Две дамы по бокам от него заквохтали:

— Мальчик, ты немедленно поедешь с нами! Все нам расскажешь. Мы подробно разберемся… — И комиссия с мальчишкой торопливо отчалила на катере… А нас разогнали по кубрикам. И — все…

Через пару дней госпожа Изольда усмехаясь сообщила, что мальчик на берегу повел себя крайне неразумно: выскочил из машины, бросился бежать и попал под автомобиль…

— Конечно, жаль его, как и всякого ребенка, но своим поступком он доказал, что жалобы его — ложь. Знал, что ложь разоблачат, потому и ударился в бегство… Вот так, уважаемые господа воспитанники. А теперь спать. И кто шелохнется… не забывайте, что завтра банный день.

Банного дня боялись даже больше, чем разговоров о всяких специальных детских тюрьмах и расстрелах. Потому что разговоры — это все-таки что-то неясное, слухи. А банный день — он грозная неизбежность.

Каждую пятницу с утра подваливала к "Розалине" железная, пышущая паром санитарная баржа. Мы оставляли всю одежду в кубриках и вереницами, под конвоем дежурных воспитательниц брели на "помывочную процедуру". Это само по себе уже было страшно — жуткая беспомощность и стыд, от которого хотелось съежиться в комочек, превратиться в мышонка или комара. Но в конце концов каждый из нас к этому притерпелся. Однако нельзя было притерпеться к страху. Никто не знал, что его ждет после мытья в гулком, наполненном душным туманом трюме. Никому в точности не было известно, не оказался ли он на этой неделе в каком-нибудь штрафном списке.

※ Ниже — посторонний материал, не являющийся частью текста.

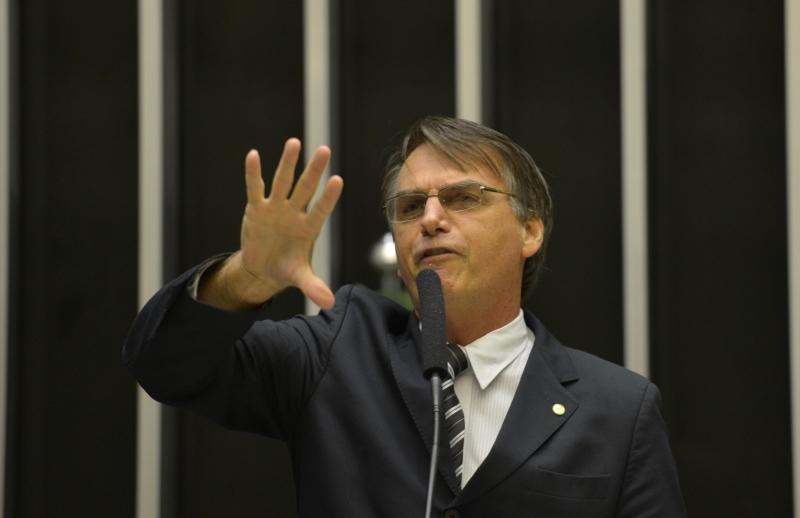 Pouco depois do ato, o pr&oacute;prio deputado Bolsonaro foi ao local e discutiu com as ativistas (Agência Brasil)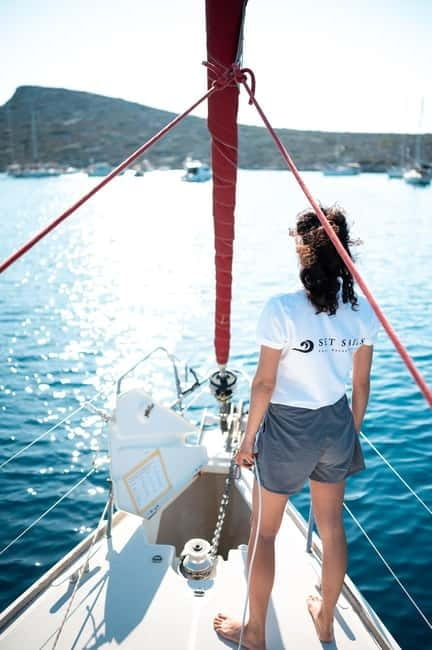 Heraklion: Sailing Trip to Dia Island with Lunch & Swimming - Sailing Back and Final Relaxation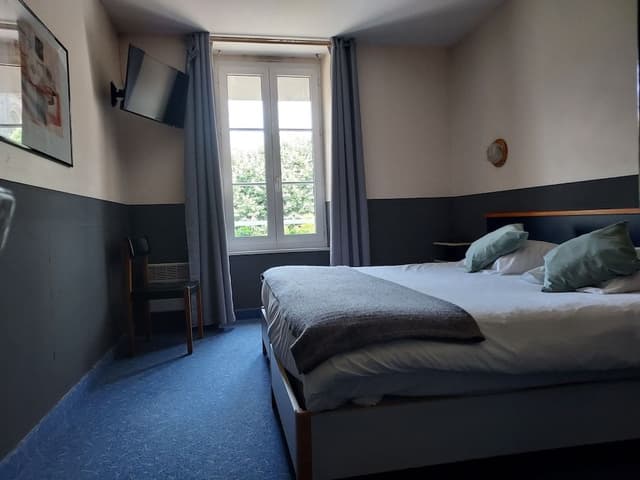 Standard Room, 1 Double or 2 Twin Beds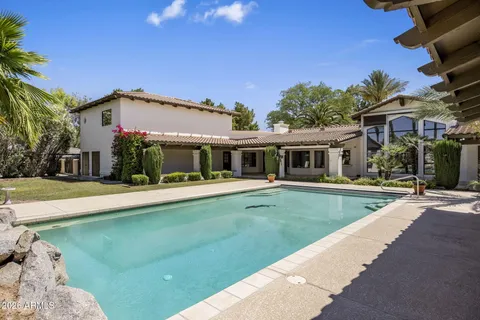 $4,500,000 | 8700 North 58th Place, Paradise Valley, AZ 85253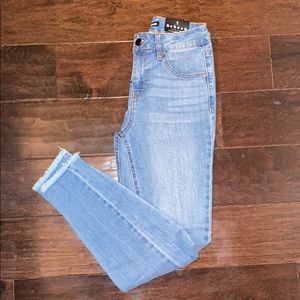Light wash denim skinny ankle jeans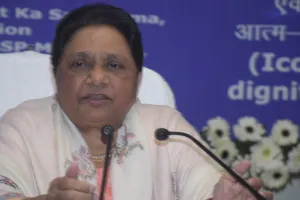  बसपा सरकार ने केवल घोषणाएं नहीं कीं, बल्कि योजनाओं को जमीन पर उतारा : मायावती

У выхода из моечного трюма был "распределитель" — контрольный тамбур, где со списком сидела дежурная воспитательница и сортировала нас: кого направо, кого налево… Того, кто "налево", ждали уже крепкие чпидовские тетушки — любительницы этого дела. Отводили в железные клетушки. Особенно тетушкам нравились младшие ребята — те, у кого силенок мало и кто быстро слабеет от страха. Возни с ними немного — положишь животом к себе на колени, и… Прутья были искусственные, пластиковые. Из-за ржавых дверей доносился поросячий визг. А в распределителе томилась жутким ожиданием другая группа приговоренных.

С ребятами постарше управлялись воспитатели-мужчины. И если кто-то брыкался, не хотел идти, тому добавляли за непослушание…

Меня судьба пока хранила от такого ужаса. Но я знал, что рано или поздно это случится. С каждым когда-нибудь случалось. И вот однажды, в третий четверг своего пребывания на "Розалине", я ощутил, что изнемогаю от тоскливого страха. От предчувствия.